To illustrate, Delgado recalls a parent last summer, who was “upset because his son was not on the ‘top team’ and did not understand what we were trying to accomplish in terms of teaching and development as opposed to just winning. He left the program with his son, and he tried to take some other parents with him.

“In the workshops this fall, it helped to have a voice other than ours telling the parents about youth sports. It helps that PCA is backed by pro coaches and other experts. The parents in those workshops saw that that parent from back in summer just was not seeing the bigger picture.”

Tampa Bay United provides a blueprint for other US Club Soccer members to follow in their own partnerships with PCA, Lavers says. “The feedback we got from Tampa Bay United and George Fotopoulos -- their Girls Director of Coaching, who is also on US Club Soccer’s board -- is that the implementation at TBU has been really good.”

Summarizing all the value and impact that the PCA-US Club Soccer national partnership delivers, Lavers notes: “The goal of Players First is to improve the daily experience of youth soccer on the field and off, to improve the understanding of coaches and parents, educate them as to what to look for in outcomes, that winning has its place, but development and learning and a quality experience are more important than winning.

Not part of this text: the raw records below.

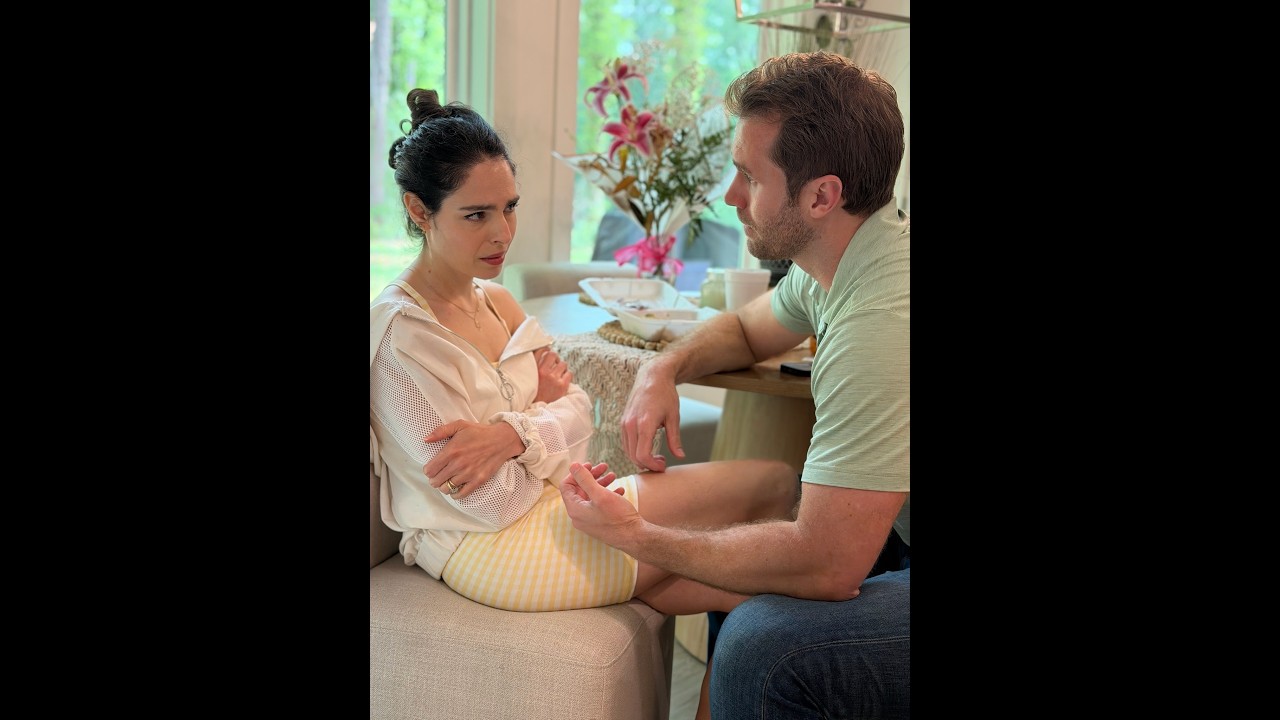 Ben calls Amber a selfish user!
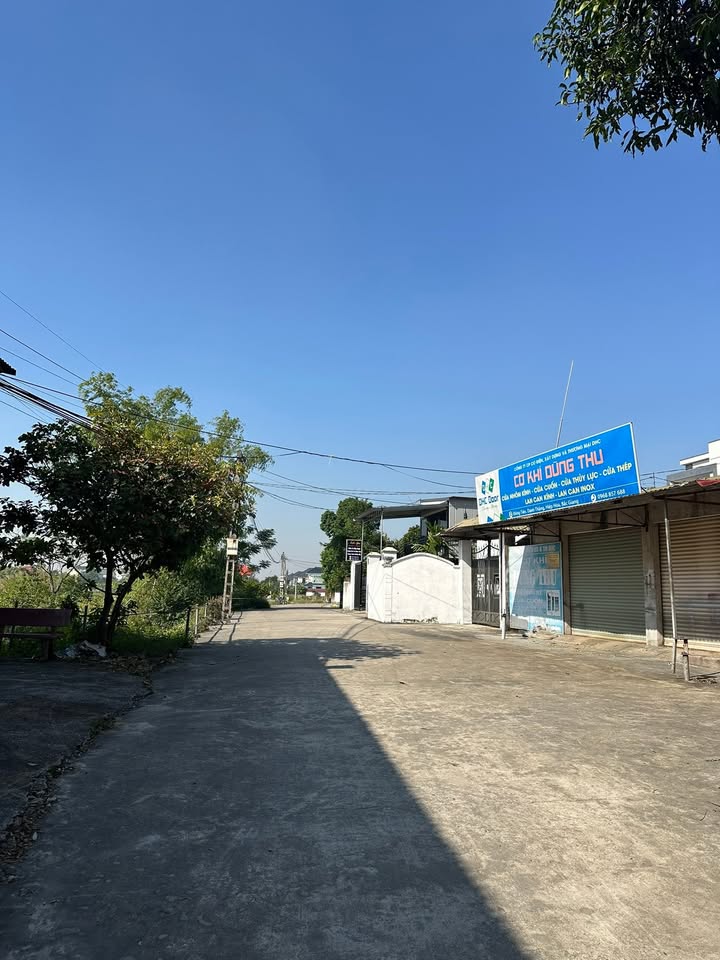 Đất nền chính chủ tại Danh Thắng, Hiệp Hòa, Bắc Giang 149m² - Cơ hội đầu tư tốt!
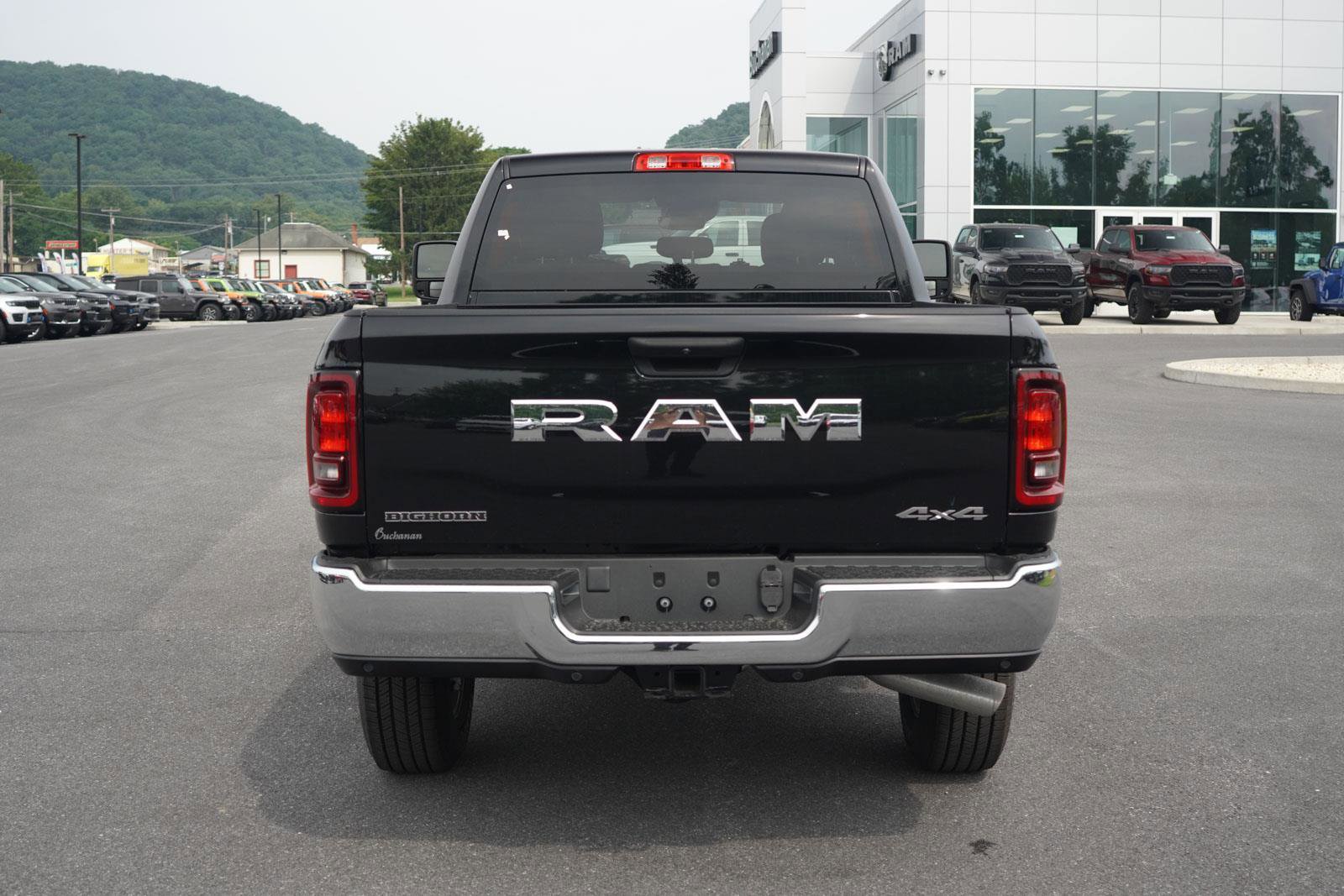 New 2025 RAM 2500 Big Horn image 9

Youth sports can be a highly volatile environment. Part of our goal is to help people understand what youth sports should be, and PCA’s resources help us do that.

“The videos, essays and pamphlets online are helpful. We’ve gotten good feedback and lots of people sharing the videos of Erin Chastain and Jerry Smith on what they look for in recruits, which have really hit home. The high-touch local experience of PCA with workshops and the high-frequency reinforcement through the videos and other online resources remind people of what’s important and create a top-down and bottom-up approach: top-down, where US Club Soccer highlights our national relationship and the resources, and bottom-up where clubs implement PCA locally. Working with PCA does not mean you can’t be critical. It means helping coaches and parents understand what’s important about youth sports, and it means having a lot of tools to help kids, whether they’re playing rec or want to play at the highest possible level and become the next Alex Morgan or Landon Donovan.”

US Club Soccer has been a national partner since 2015.